Answer
$24\;\rm cm$
Work Step by Step
Let's assume that the temperature of the air is constant during this process of compressing it by pouring the mercury. And let's assume that the air sealed is obeying the ideal gas law.
Thus,
$$\dfrac{P_1V_1}{ \color{red}{\bf\not} T_1}=\dfrac{P_2V_2}{ \color{red}{\bf\not} T_2}$$
$$P_1V_1=P_2V_2\tag 1$$
Initially, the volume of the air was the volume of the whole U-tube and its pressure was the atmospheric pressure of 1 atm.
Finally, the air is compressed by a distance of $L$ which is the length of the mercury column, and its final pressure is the atmospheric pressure plus the pressure due to the mercury column.
So that,
$$P_a( \color{red}{\bf\not} Al)=(P_A+L\rho g)( \color{red}{\bf\not} A[l-L])$$
where $l$ is the total length of the U-tube, $A$ is its cross-sectional area, $L$ is the length of the mercury column, $\rho$ is the mercury density.

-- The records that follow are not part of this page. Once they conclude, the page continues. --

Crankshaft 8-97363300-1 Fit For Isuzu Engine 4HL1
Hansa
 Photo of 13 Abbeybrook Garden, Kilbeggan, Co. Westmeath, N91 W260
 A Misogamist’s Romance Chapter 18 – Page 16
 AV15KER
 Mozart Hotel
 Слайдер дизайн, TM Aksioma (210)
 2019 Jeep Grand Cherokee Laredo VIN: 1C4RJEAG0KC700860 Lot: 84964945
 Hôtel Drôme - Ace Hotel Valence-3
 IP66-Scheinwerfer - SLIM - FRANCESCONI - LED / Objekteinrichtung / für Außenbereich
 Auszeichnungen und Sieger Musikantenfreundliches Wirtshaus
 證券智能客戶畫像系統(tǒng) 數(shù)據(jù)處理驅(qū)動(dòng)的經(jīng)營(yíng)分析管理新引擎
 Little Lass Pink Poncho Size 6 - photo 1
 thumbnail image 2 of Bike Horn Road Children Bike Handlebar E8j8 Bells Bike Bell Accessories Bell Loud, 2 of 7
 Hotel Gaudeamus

$$P_al=(P_A+L\rho g) [l-L] $$
Solving for $L$;
$$P_al=P_al-P_aL+lL\rho g-L^2\rho g$$
$$0= -P_a \color{red}{\bf\not} L+l \color{red}{\bf\not} L\rho g-L^{ \color{red}{\bf\not} 2}\rho g$$
$$L\rho g=l\rho g-P_a$$
$$L=\dfrac{l\rho g-P_a}{\rho g}$$
$$L=l -\dfrac{P_a}{\rho g}$$
Plugging the known;
$$L=1.0 -\dfrac{(1.013\times 10^5)}{(13600)(9.8)}$$
$$L=\color{red}{\bf 0.24}\;\rm m$$